Prompt. Write out, from the entries below, exactly the lines that run between the lines holding "summersalt White and" and "商业地产选址技巧:店铺开业必读手册", inclusive, and stop there.

Supplied records.
----------

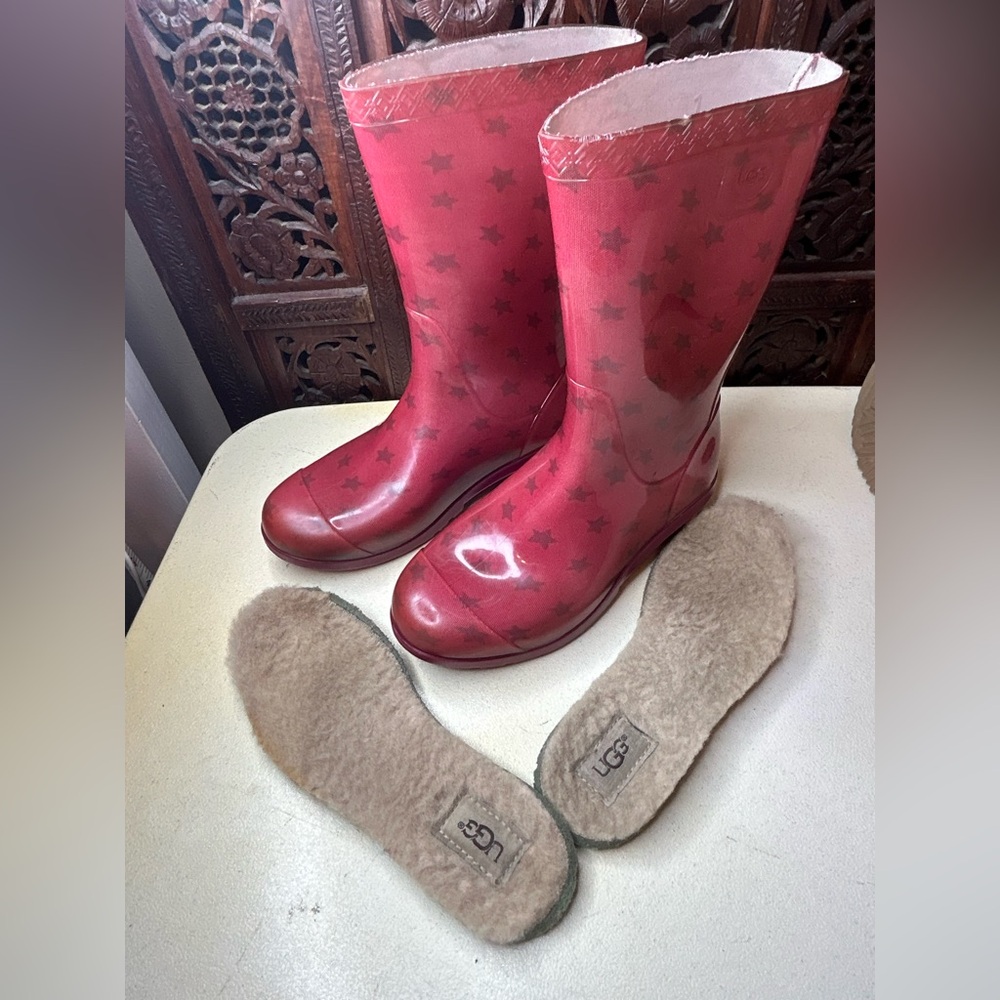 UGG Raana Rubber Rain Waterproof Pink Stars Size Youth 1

----------

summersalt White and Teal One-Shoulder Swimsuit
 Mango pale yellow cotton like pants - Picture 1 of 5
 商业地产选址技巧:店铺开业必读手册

----------

Solution for this task.
summersalt White and Teal One-Shoulder Swimsuit
 Mango pale yellow cotton like pants - Picture 1 of 5
 商业地产选址技巧:店铺开业必读手册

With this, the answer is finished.